* **TASK MATERIAL**:
════════════════════
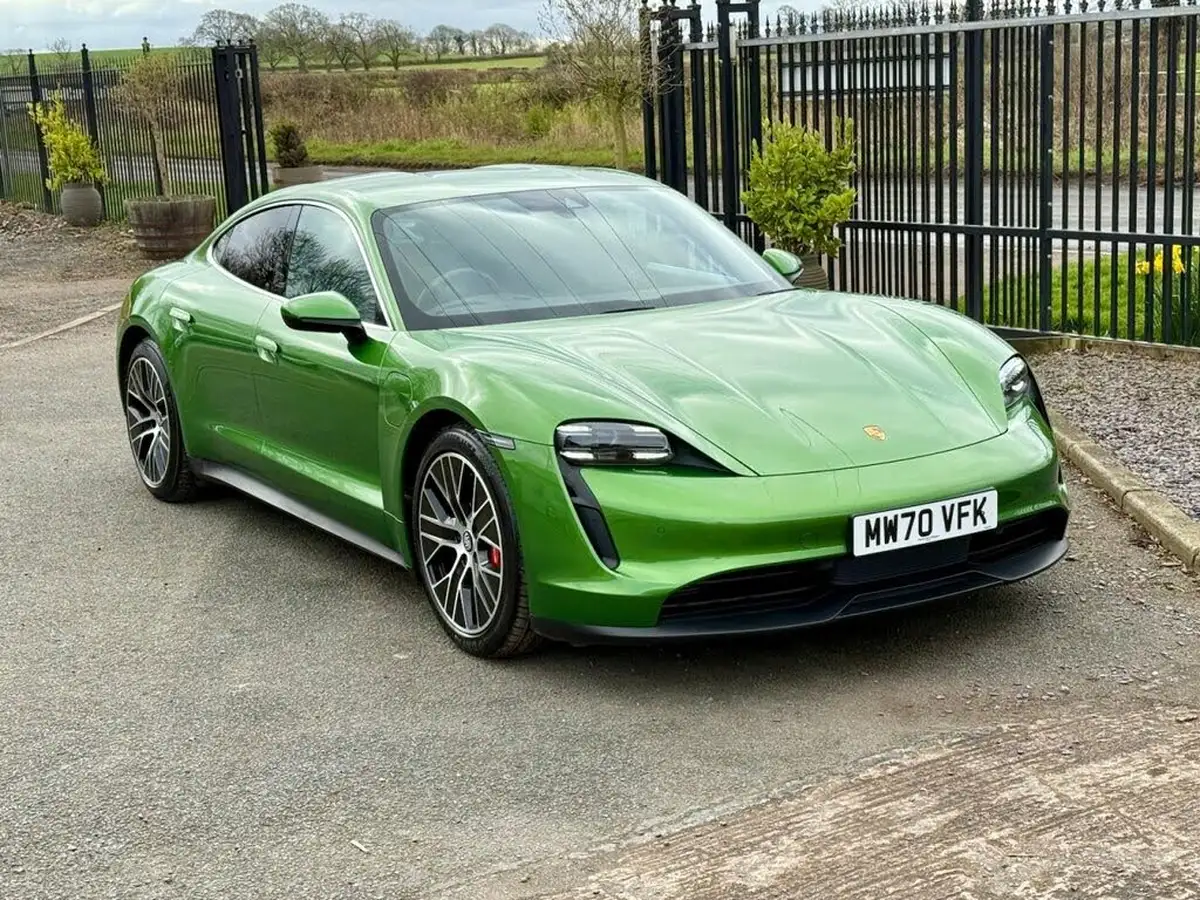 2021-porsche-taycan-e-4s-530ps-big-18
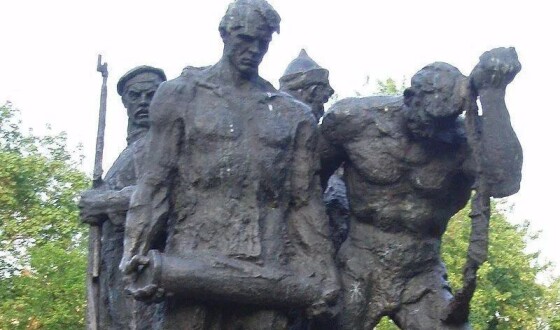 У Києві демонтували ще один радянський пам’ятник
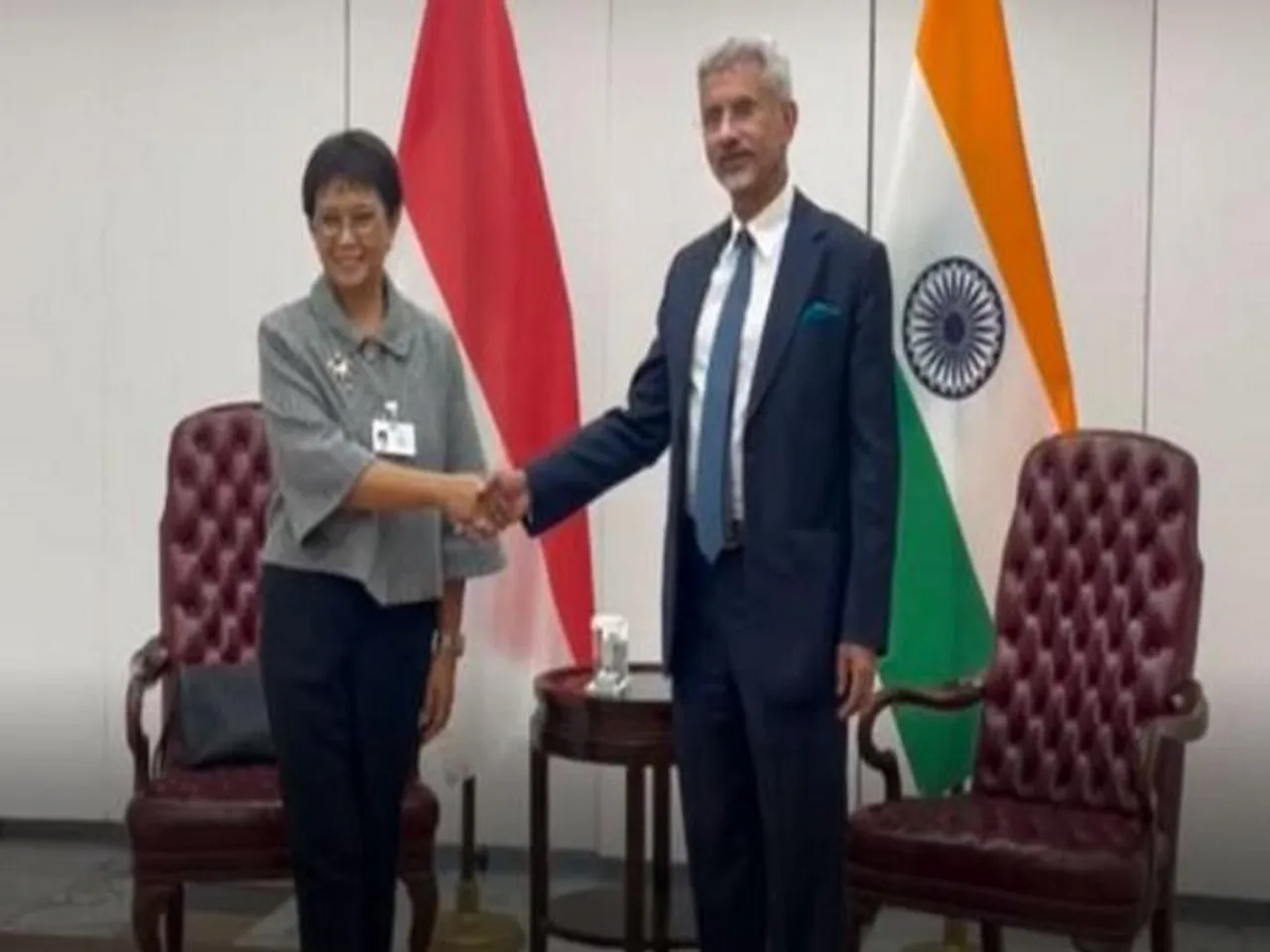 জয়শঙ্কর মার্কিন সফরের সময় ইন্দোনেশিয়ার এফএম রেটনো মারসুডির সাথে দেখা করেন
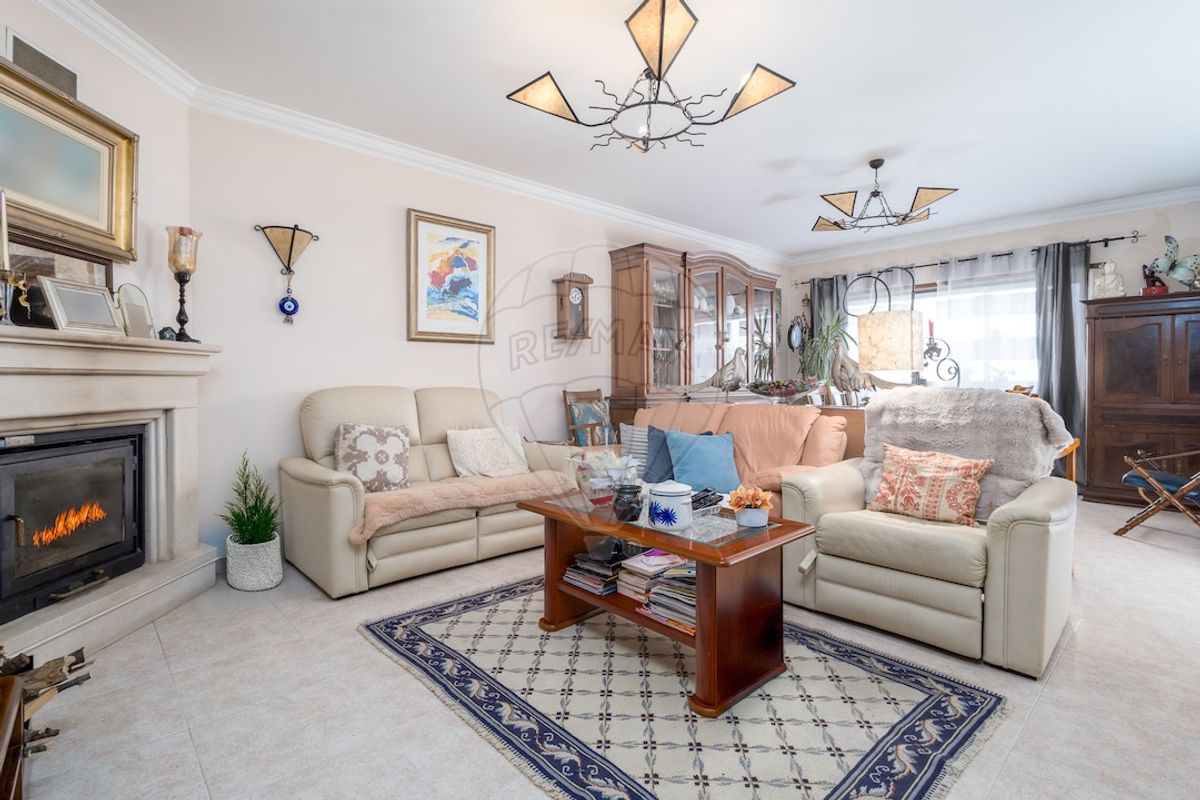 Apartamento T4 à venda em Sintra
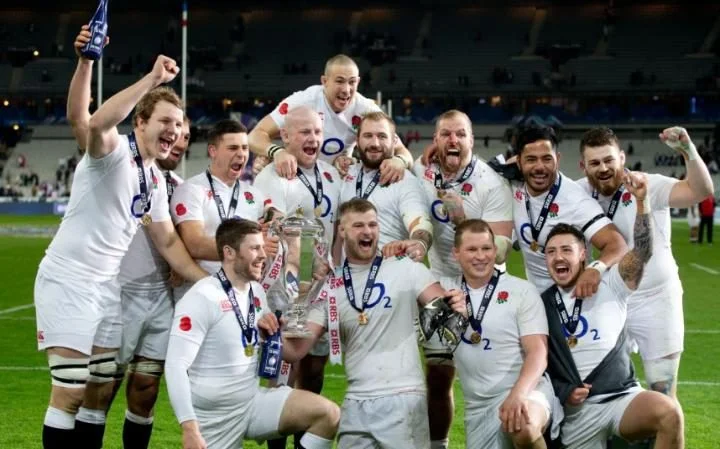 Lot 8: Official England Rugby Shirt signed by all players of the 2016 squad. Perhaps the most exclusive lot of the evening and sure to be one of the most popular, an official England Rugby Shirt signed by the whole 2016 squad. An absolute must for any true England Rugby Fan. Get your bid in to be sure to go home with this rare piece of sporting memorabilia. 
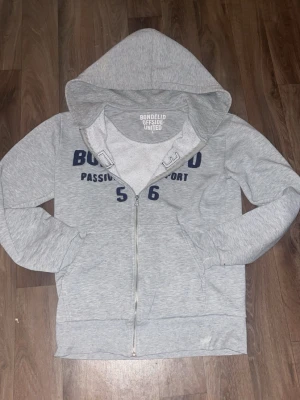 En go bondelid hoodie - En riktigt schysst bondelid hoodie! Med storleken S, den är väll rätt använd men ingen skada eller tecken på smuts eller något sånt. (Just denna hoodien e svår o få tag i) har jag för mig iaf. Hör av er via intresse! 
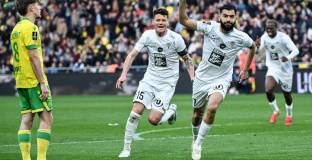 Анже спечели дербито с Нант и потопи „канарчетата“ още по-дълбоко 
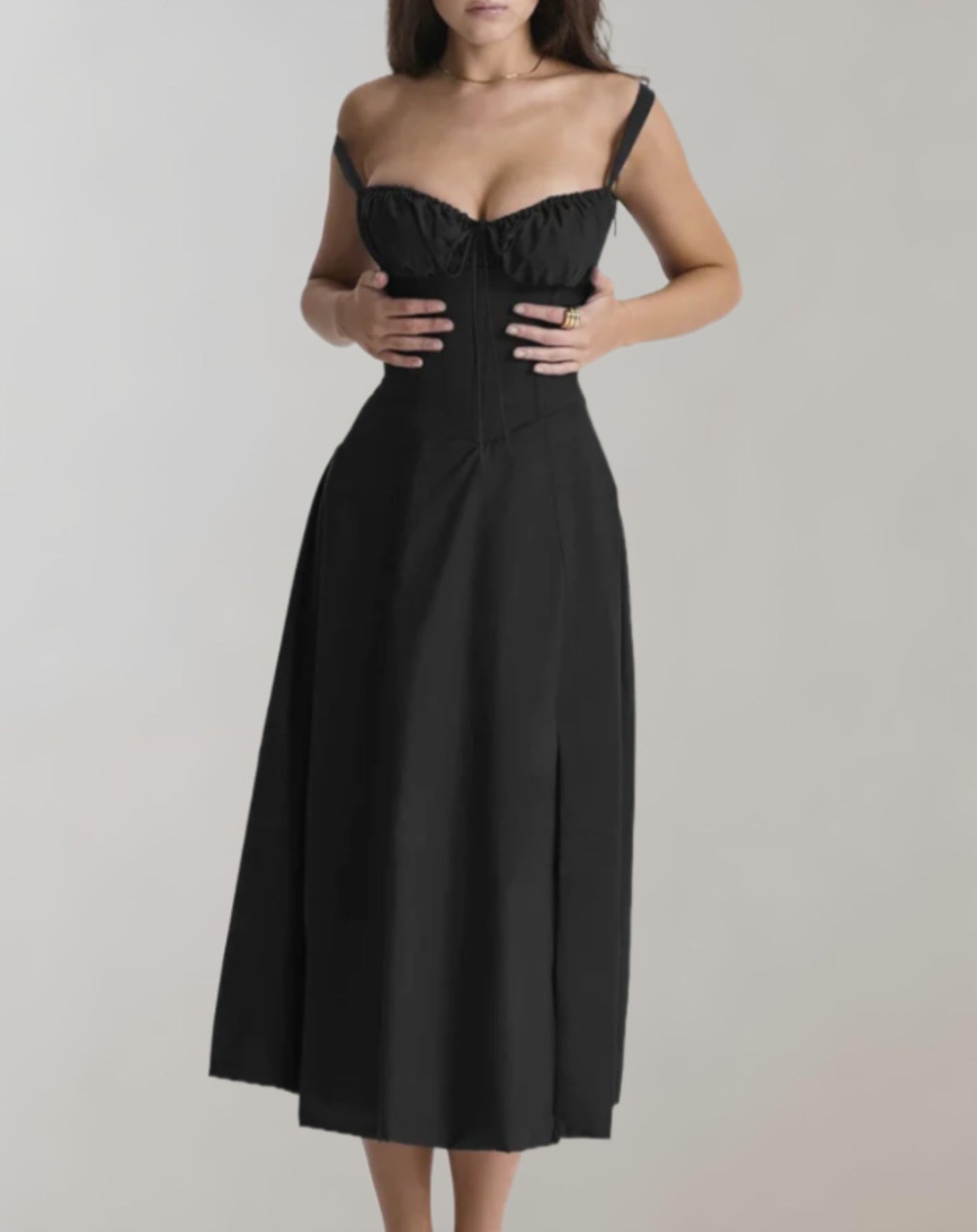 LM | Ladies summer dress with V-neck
════════════════════
Your output should be the lines above from the one that contains "জয়শঙ্কর মার্কিন সফরের" through the one that contains "Lot 8: Official", word for word, with pictures left out.

 জয়শঙ্কর মার্কিন সফরের সময় ইন্দোনেশিয়ার এফএম রেটনো মারসুডির সাথে দেখা করেন
 Apartamento T4 à venda em Sintra
 Lot 8: Official England Rugby Shirt signed by all players of the 2016 squad. Perhaps the most exclusive lot of the evening and sure to be one of the most popular, an official England Rugby Shirt signed by the whole 2016 squad. An absolute must for any true England Rugby Fan. Get your bid in to be sure to go home with this rare piece of sporting memorabilia. 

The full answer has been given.